Ce parti aime également à rappeler que dans l'histoire aucune union n'a été favorable à la Croatie, que ce soit l'empire austro-hongrois ou la Yougoslavie. "L'Union européenne sera une nouvelle déception pour la nation croate" a affirmé Marjan Bosnjak du parti Seulement la Croatie-Mouvement pour la Croatie (JH-PzH). Le leader du Parti autonome des droits (A-HSP) Drazen Keleminec s'est élevé contre les responsables politiques croates favorables à l'entrée de la Croatie dans l'Union européenne. Il a également affirmé que 90% des Croates, notamment ceux qui vivent dans les zones rurales, sont contre l'adhésion du pays à l'Union.
"La Croatie peut vivre de son côté et de façon indépendante comme le fait la Suisse" a déclaré Dejan Golubic, fondateur et leader des Démocrates nationaux, parti fondé en 2009, positionné à droite et opposé à l'entrée de Zagreb dans l'Union. Il met en garde contre le fait qu'il existe "un risque pour les Croates de devenir une force de travail bon marché au sein même de leur pays qui ne serait alors plus le leur". Il reproche également aux autorités de Zagreb leur manque de transparence et affirme que les élites cachent des choses au peuple, notamment en ce qui concerne la vérité sur les conséquences de l'adhésion.
Les opposants à l'entrée de la Croatie dans l'Union européenne ont organisé une manifestation sur la place principale de Zagreb le 14 janvier.
Un millier d'intellectuels et de politiques plutôt positionnés à droite, dont l'ancien ministre des Affaires étrangères et ambassadeur de la Croatie à l'Organisation des Nations unies (ONU), Zvonimir Separovic, ont signé une pétition demandant le report du référendum au moins jusqu'à ce que le TPIY prononce son verdict final dans le procès des deux généraux, Ante Gotovina, ancien inspecteur général de l'armée croate, et Mladen Markac, ex-commandant de la police du ministère de l'Intérieur (police spéciale), respectivement condamnés le15 avril 2011 à 24 et 18 ans d'emprisonnement pour crimes contre l'humanité et de violations des lois ou coutumes de la guerre (meurtres, persécutions et pillages) commis lors de l'opération Tempête (Oluja) entre juillet et septembre 1995. Les deux hommes ont interjeté appel en mai.

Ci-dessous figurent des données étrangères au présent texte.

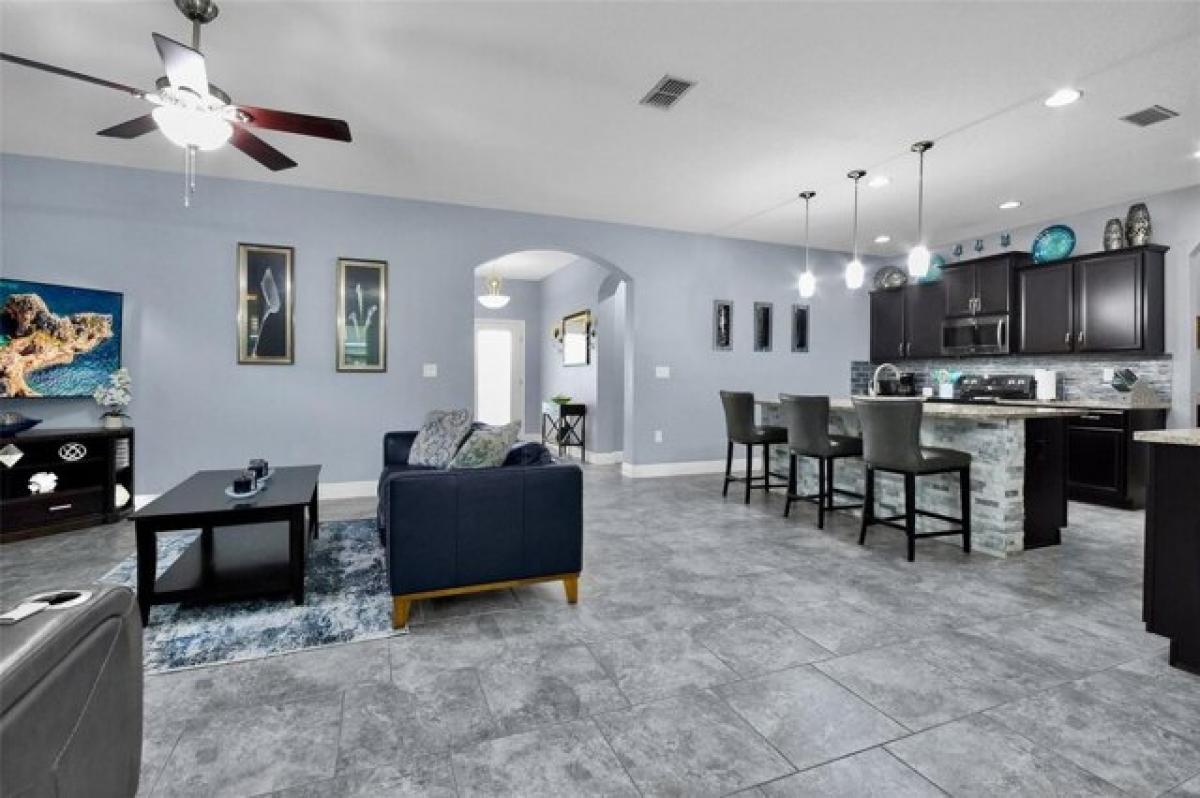 Picture of Home For Sale in Saint Cloud, Florida, United States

Pour les pétitionnaires qui, comme de nombreux Croates, considèrent Ante Gotovina et Mladen Markac comme des héros nationaux, le TPIY fait de la Croatie et de la guerre d'indépendance une structure criminelle et a voulu punir le pays de s'être libéré de ses occupants. "C'est un exemple historique de déshonneur et de piétinement des valeurs chrétiennes" écrivent les pétitionnaires qui reprochent à l'Union européenne une attitude "raciste".
La ministre des Affaires étrangères Vesna Pusic a mis en garde les Croates du fait qu'un nouveau référendum pourrait être organisé en cas de victoire du "non" le 22 janvier mais qu'il se pourrait tout aussi bien que, dans ce cas, Bruxelles décide que Zagreb ne puisse rejoindre les Vingt-sept que plus tard avec un groupe d'autres pays. "Le référendum sera l'occasion de monter que la Croatie appartient politiquement, et pas seulement géographiquement, historiquement et culturellement, à l'Europe" a-t-elle indiqué.
Selon la dernière enquête d'opinion réalisée par l'institut CRO-Demoskop, 55,1% des Croates s'apprêteraient à voter en faveur de l'adhésion de leur pays à l'Union européenne pour un tiers (33,3%) qui s'y opposeraient. Un Croate sur dix (11,6%) se déclare encore indécis.
Si les Croates acceptent le 22 janvier l'adhésion de leur pays à l'Union européenne, le traité d'adhésion signé par Zagreb devra encore être ratifié par les 27 Etats membres de l'Union. On rappellera qu'en France, la ratification de l'adhésion de la Croatie sera la dernière à être ratifiée par le parlement. Les adhésions suivantes seront soumises à référendum.